Apart from the curiosity to play around with Data and Programming skills, one of the most crucial qualities that sets a Data scientist apart is their ability to understand the business nuances. One should always remember that data science is a tool to enable businesses to make better decisions and enhance user experience. Hence it is imperative that a data scientist clearly understands and articulates the business problem they are trying to solve.
1. Tell more about yourself, background, and journey.
Data science may have been around for a while now, but when I was pursuing my B. Tech in Computer Science, it was not as trending as it is now. My final year B.Tech project was all about playing around with Big Data around various features of songs and features and predict real-life the year in which a particular song might have been released. Little did I know, I had only scratched the surface of Data Science.

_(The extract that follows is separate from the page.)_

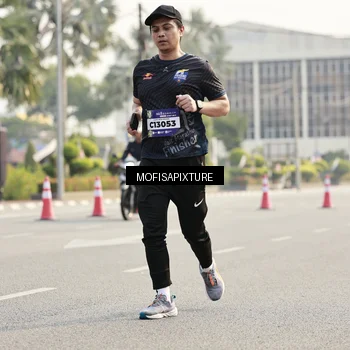 Runner Photo 5929039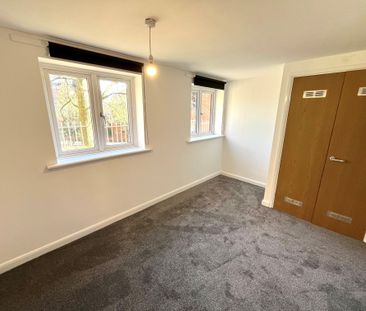 Short Stairs, Nottingham - Photo 2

Post my engineering, I was lucky enough to get exposed to real life business problems that could be solved by data in multiple product-based companies. By the end of 3 years in corporate, I was sure that Data Science is what I would want to pursue going forward, I decided to get into the depth of what this field has to offer. I enrolled into a Master's by Research program in Data Science at IIIT Bangalore. Now, I am looking forward to merging the Academia and Industry in my next stint in corporate and solving purposeful business problems.

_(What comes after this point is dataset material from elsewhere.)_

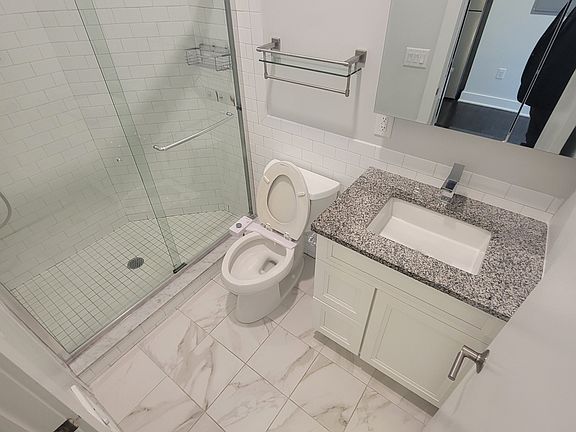 5th image of 439 Mercer St #301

2. Do you believe that even if one is unrelated to this profession, one should have a fundamental understanding of it?
I was recently reading about how some of the core technical skills we are focusing on currently will get obsolete in the next few years. However, one skill that is hard to stay and become more impactful by the day is the art of storytelling. Irrespective of the profession, it is important to understand how numbers can help you weave a strong and compelling narrative.
This ability to turn data into actionable insights will become increasingly critical going forward. The best part about the current day and age is that there is no barrier to entry to learning something. While advanced data science may require exposure to sophisticated tools and frameworks, anybody irrespective of their profession can plunge into the world of data with basic tools (eg: excel) and the hunger to learn.
3. What does a data scientist need the most?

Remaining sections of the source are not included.